Exercise prompt: Without changing a word, repeat the data, and include no pictures.

Data provided:
== Segment start ==
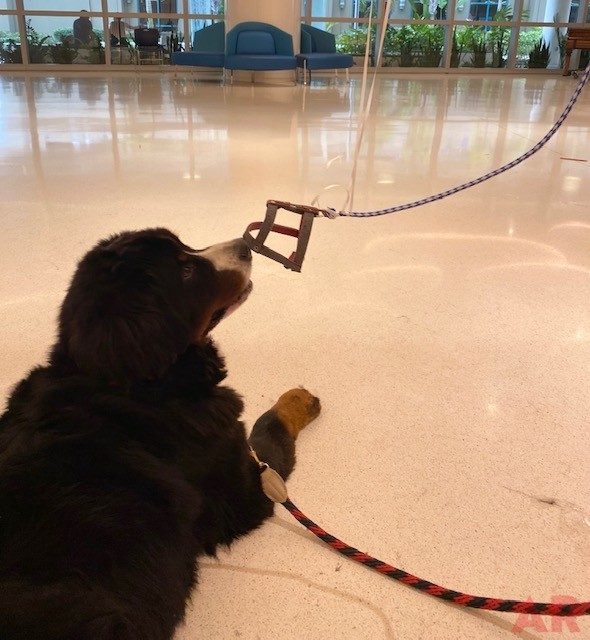 Valentine Celebration at Nicklaus Children’s Hospital Foundation | Ale Ramos Therapy Animals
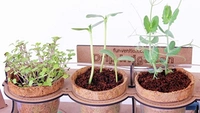 Funvention | Garden Drip Irrigation Kit DIY Science Educational Toy, STEM Learning Kit, Birthday Gifts - Multi, Yes, No, High Quality Engineered Wood, Paper, Coir Pot, Seeds & Soil Coin, 40 x 15 x 20 cm, Funvention, 800 grams, Shipping Charges will be added during checkout. Order will be shipped within 2-4 working days. Delivery time may vary due to COVID-19 , rainy season and delivery location. TrackingID will be provided to check the real time status of delivery. For any further queries related to orde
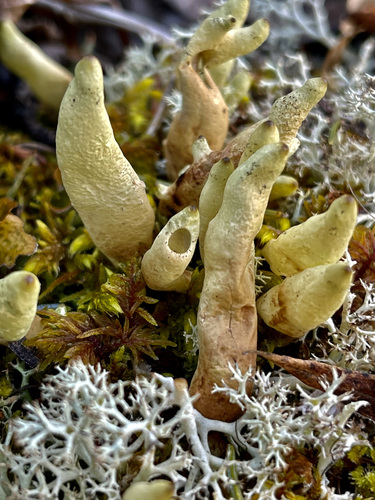 Arctic Butterfingers Lichen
== Segment end ==
Solution to the exercise:
 Valentine Celebration at Nicklaus Children’s Hospital Foundation | Ale Ramos Therapy Animals
 Funvention | Garden Drip Irrigation Kit DIY Science Educational Toy, STEM Learning Kit, Birthday Gifts - Multi, Yes, No, High Quality Engineered Wood, Paper, Coir Pot, Seeds & Soil Coin, 40 x 15 x 20 cm, Funvention, 800 grams, Shipping Charges will be added during checkout. Order will be shipped within 2-4 working days. Delivery time may vary due to COVID-19 , rainy season and delivery location. TrackingID will be provided to check the real time status of delivery. For any further queries related to orde
 Arctic Butterfingers Lichen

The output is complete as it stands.